• About this exercise:
Skip every picture while you write out the records below, from the first line through the one that contains "Pouf rond, Marron clair", both ends kept.
>>>
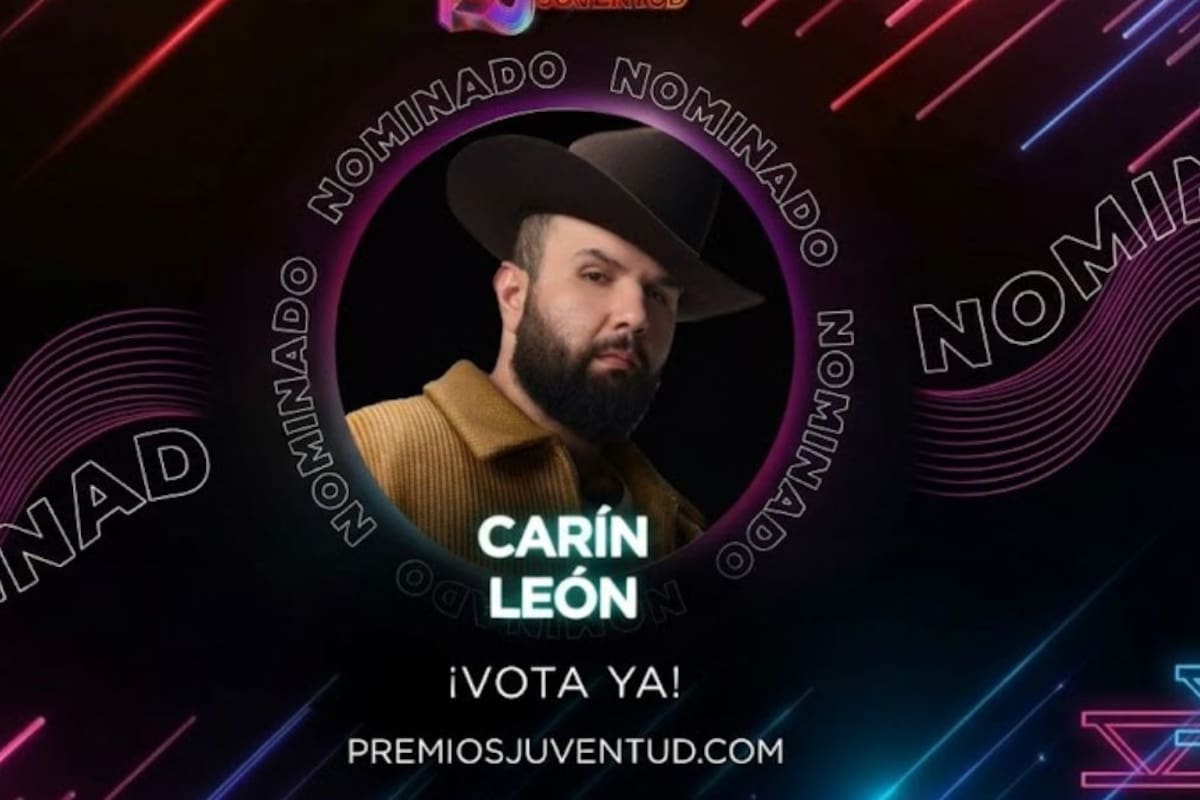 Carín León lidera las nominaciones a Premios Juventud 2026 con nueve candidaturas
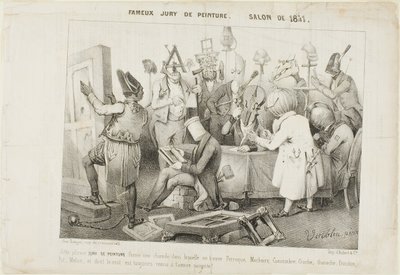 Fameux Jury de Peinture. Salon de 1841 - Clément Pruche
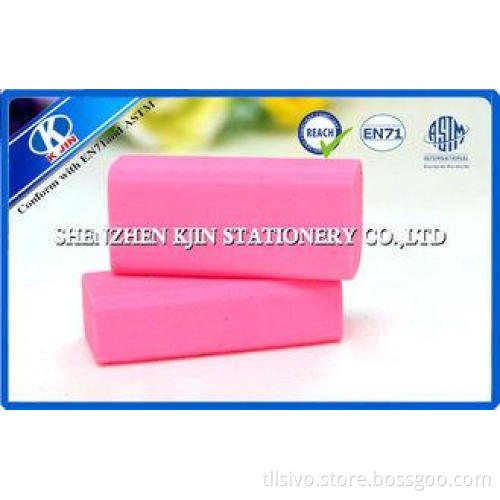 Pink Rectangle Kids Erasers Without Paster For Chilldren 1*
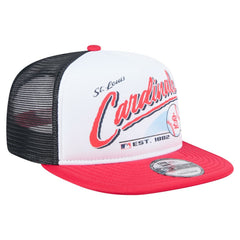 White/Red St. Louis Cardinals New Era Retro Script 9FIFTY Snapback Hat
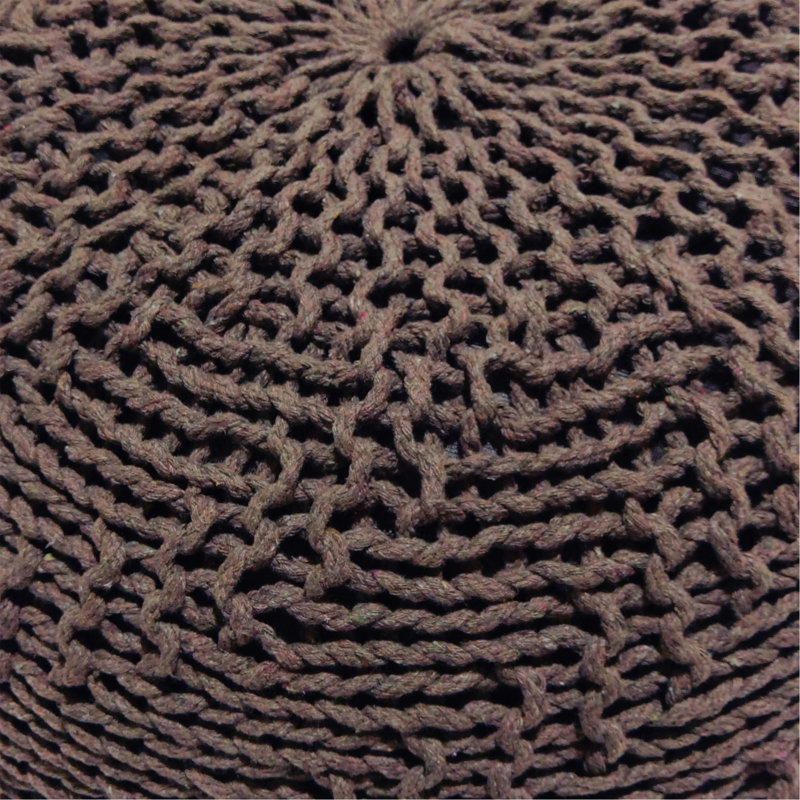 Pouf rond, Marron clair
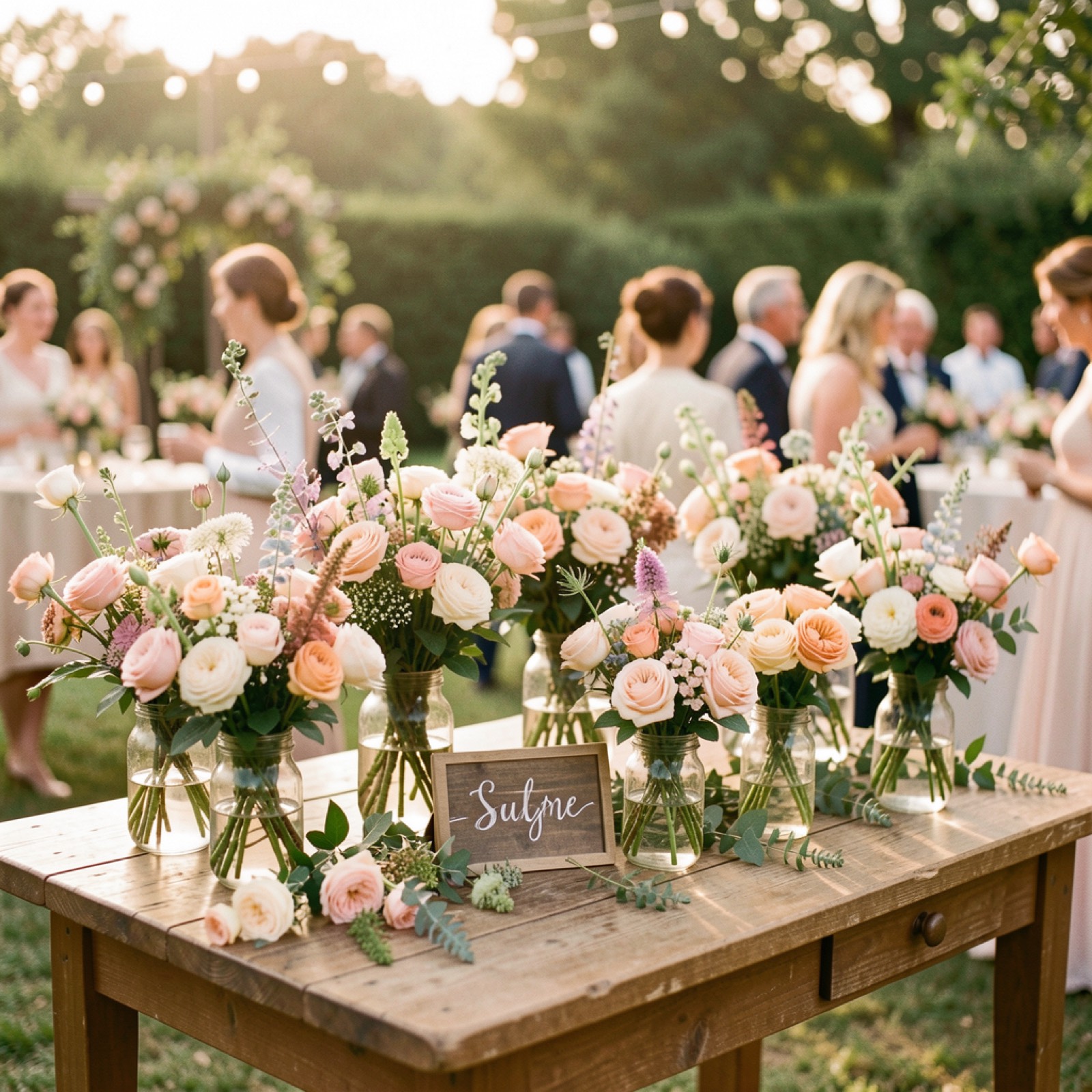 Bloom Bar styled for a wedding reception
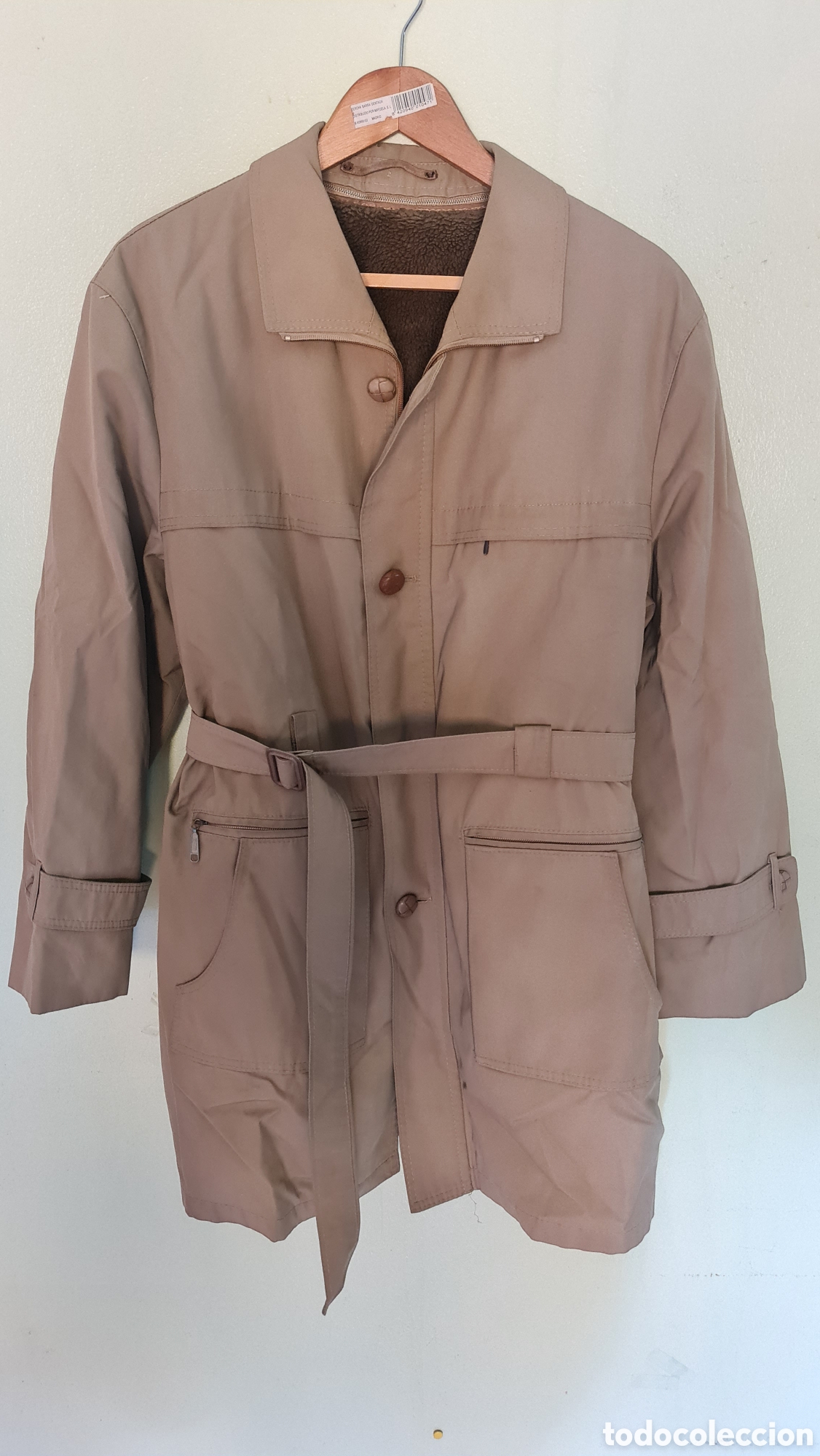 Vintage: Abrigo marron botones - Foto 5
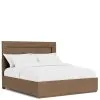 Riverside Furniture 73976-73971-73972 Riverside Furniture 73976-73971-73972 Cascade - Queen Panel Bed With Light - Casual Mink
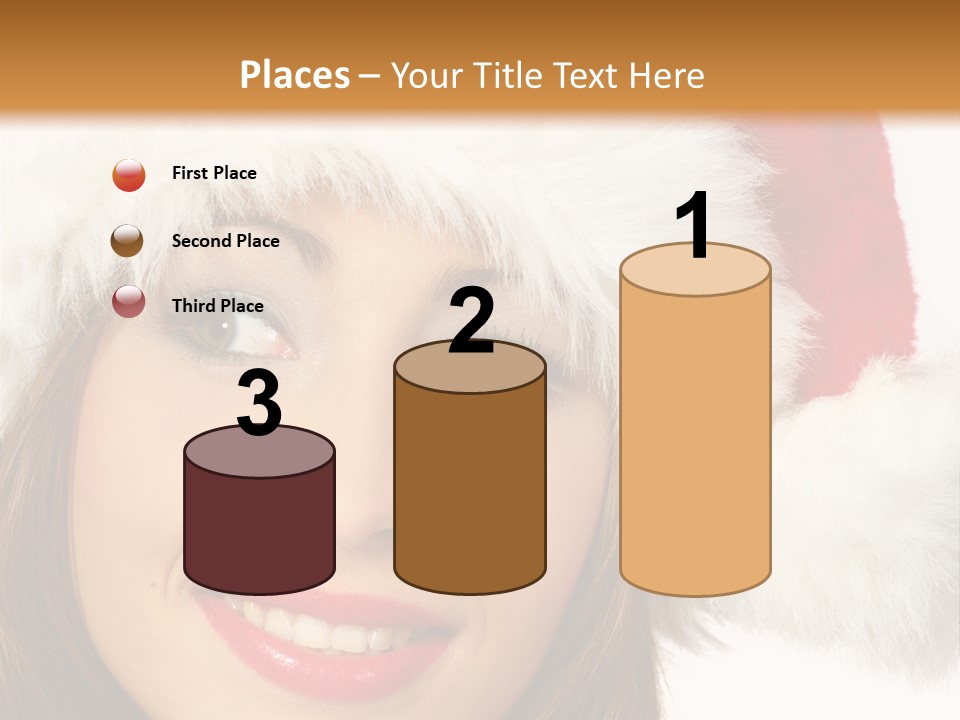 Expecting Woman Portrait PowerPoint Template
<<<
• Written answer:
 Carín León lidera las nominaciones a Premios Juventud 2026 con nueve candidaturas
 Fameux Jury de Peinture. Salon de 1841 - Clément Pruche
 Pink Rectangle Kids Erasers Without Paster For Chilldren 1*
 White/Red St. Louis Cardinals New Era Retro Script 9FIFTY Snapback Hat
 Pouf rond, Marron clair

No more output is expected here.